Durante los debates de la Cumbre de las Américas, sólo el presidente de Colombia, Iván Duque, pareció haber dado en el clavo ante sus distraídos interlocutores: “Nuestra región no se divide entre izquierda y derecha, entre liberales y conservadores, sino entre quienes somos demócratas y quienes son autócratas”.

Esta premisa, precisamente, es lo que debe dominar la discusión regional y planetaria, ya que la reconfiguración actual de los bloques de poder en un sistema multipolar de relaciones internacionales se nutre, paradójicamente, de este antagonismo binario. Una aproximación que en rigor se ajusta al espíritu y esencia de la Carta Democrática Interamericana y que, por tanto, debe servir de norte para increpar, sin mayores complejos,a los gobiernos del hemisferio occidental acerca del bando que han de escoger.

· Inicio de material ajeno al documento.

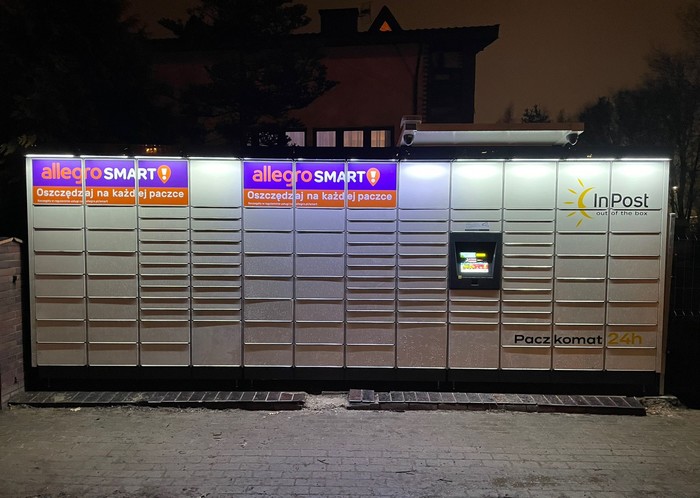 Фото поштомата від InPost: InPost WAW748M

La Cumbre de las Américas de Los Ángeles pudiera ser vista como un intento de decantación en el sentido anterior, al excluir de la cita a Nicaragua, Venezuela y Cuba. Biden, en medio de un ambiente enrarecido, propuso a sus huéspedes “trabajar juntos para demostrar el poder de la democracia”.

Pero, al margen de lo bello de esta consigna, hacen falta más hechos concretos que formulaciones retóricas, y resulta obvio que la administración demócrata no cuenta con una visión estratégica clara, ni mucho menos ha hecho gala de los instrumentos y recursos necesarios para aglutinar a toda una región en torno a un proyecto común que tranquilice a un vecindario en continuo bochinche, siempre dependiente de los humores ideológicos del momento.